I got an email from QS showing how he put the buck DC-DC downconverter right at the point where it plugs into the proto board. This is really the way to go to eliminate any IR drops from the resistance of the leads. There are two items which I am concerned about, one being the ripple current that may be coming out of the converter, and the other is if the proto board itself might have internal resistance that could cause IR drop. One has to remember that when we are working with 15 volts output and the ripple is a half volt, the ripple is only 1/30th or 3.3% of the output voltage. But when the output is 1.5V and the ripple is a half volt, the ripple is 1/3 or 33% of the output voltage – way too much!
I can address the first concern by using a linear regulator such as the LM317. Two issues here that have to be dealt with, one is that it cannot go below 1.25VDC. That’s okay for working with circuits designed to run on a single alkaline cell, but if the circuit is to work with a 1.2V rechargeable, then there has to be a way to go to a lower voltage. I’ve thought about this, and I figured that a 5 or more amp Schottky rectifier in series with the line would drop about 1/4 to a half volt, but it would not be well regulated. Another way would be to use a negative supply for the adjustment pot, but I have had major problems with this method.
The other issue with the LM317 is the limit on the current, generally 1 amp if it has a good heatsink, but less if the regulator gets too hot and shuts down. I can reduce the input voltage to 5 volts, and it might be able to handle the full 1 amp current or maybe more without too much heat.
My other solution to eliminate the ripple is to use an LC low pass filter on the output of the converter. This would be a choke of very heavy wire, and one or more low ESR capacitors. I can get these from the low voltage section of a power supply from a PC. I can also use some ferrite EMI suppressor sleeves over the wires – I have plenty of those. I’m not sure what the minimum output voltage is for the converter, but I believe is is a bit lower than the LM317, maybe 1 volt.
I downloaded the datasheet for the LM2596 switching converter. This document is on the TI website, but its author is National, which I find odd. The document tells all about how to design the circuit for this chip. I found the Application section and especially about the capacitors very informative. Also the inductor selection section. From what I read, the best way to reduce the ripple in the output is to put an inductor and another low ESR capacitor on the output, as I mentioned above.

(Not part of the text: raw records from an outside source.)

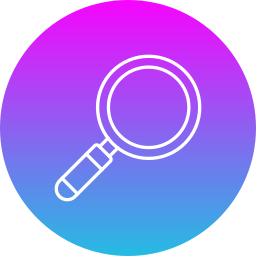 Magnifying glass icon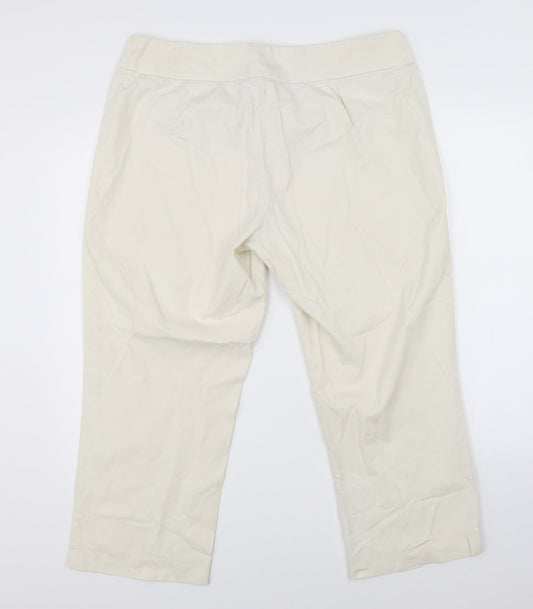 Womens UK Size 38 in Preworn Regular Fit Beige Trousers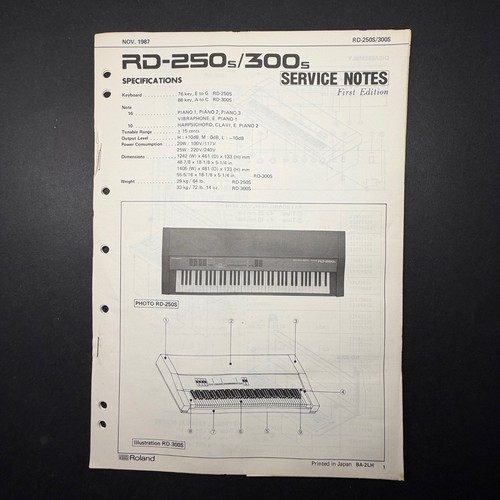 Vintage roland 250s - roland, rd-250s/300s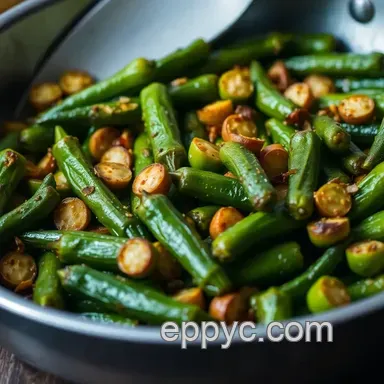 How Do I Cook Okra? My Easy Pan-Seared Recipe with Garlic & Spices Recipe Card
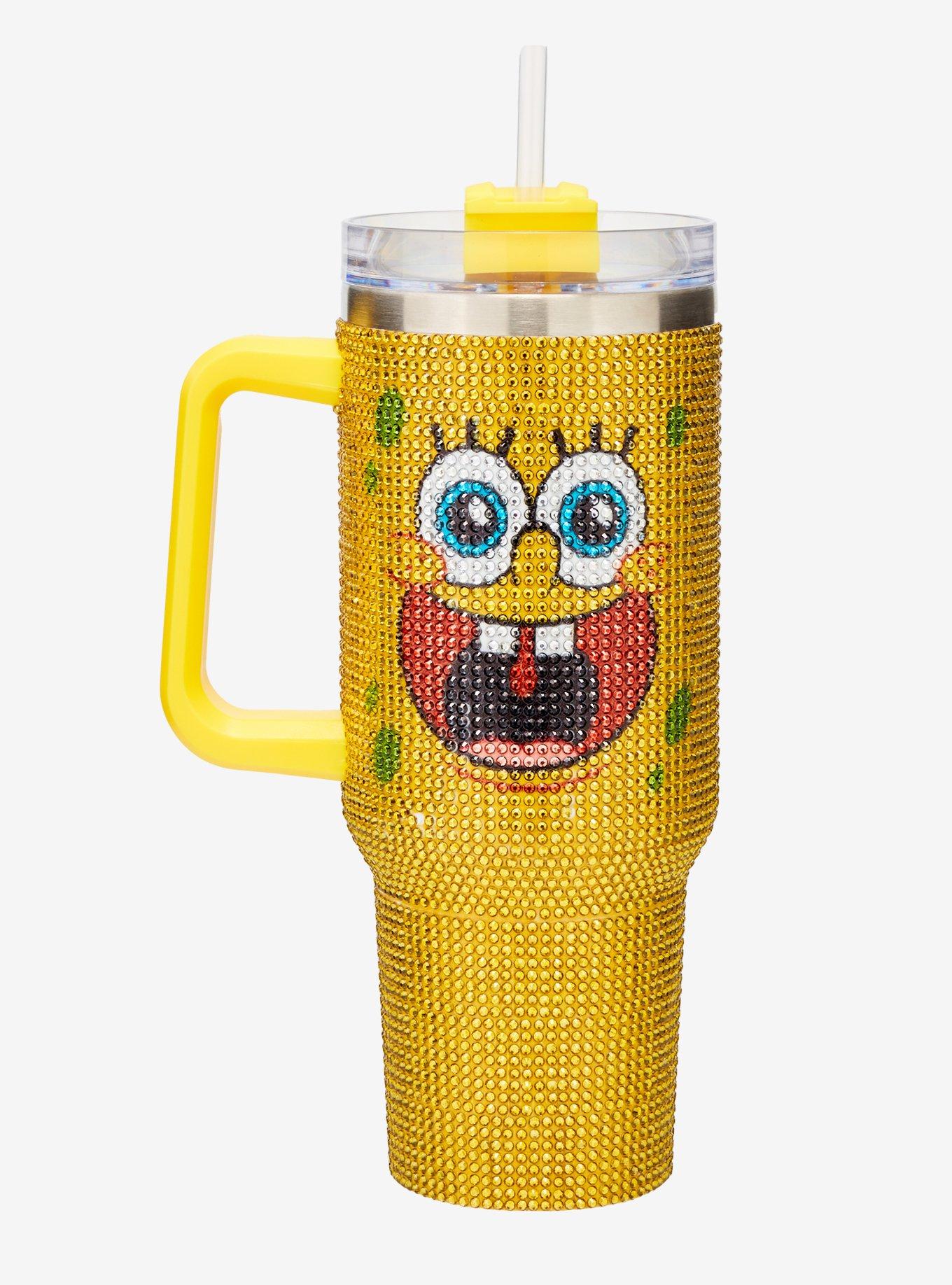 SpongeBob SquarePants Rhinestone Stainless Steel Travel Cup, , alternate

I would like to have the power supply go down to zero volts, but I can’t do it simply with just a linear regulator or converter. I have some schematics for power supplies that go to 0 volts, but I think it’s cheaper and more effective to buy one already made. It cost me only $60 for a new Mastech 15 volt 3 amp power supply with a digital display. The disadvantage is that the Mastech weighs a dozen pounds and is too big to have close to the proto board.
The other thing QS showed was a digital voltmeter called a DPM of digital panel meter. The bright blue LED display really caught my eye, as did the two digits to the right of the decimal point. The Mastech has a cheap three digit red LED meter that can only give a single digit to the right of the decimal point, which makes it worthless for low voltages. That’s why just about everyone uses those cheap $4.00 Centech DMMs from Harbor Freight or wherever. I can read three digits to the right on the 2V range.
I have seen two types of DPMs, the kind that requires a separate isolated power supply or battery, and the kind that can use power from the same supply that it is measuring. I assume the one he has is the latter, it can run from the same supply it’s measuring. It has ‘only’ two digits to the right, not three like the Centech multimeters have. But then Centech meters are only accurate to about 1 percent, which means that the readings of the third digit to the right may not be accurate at all.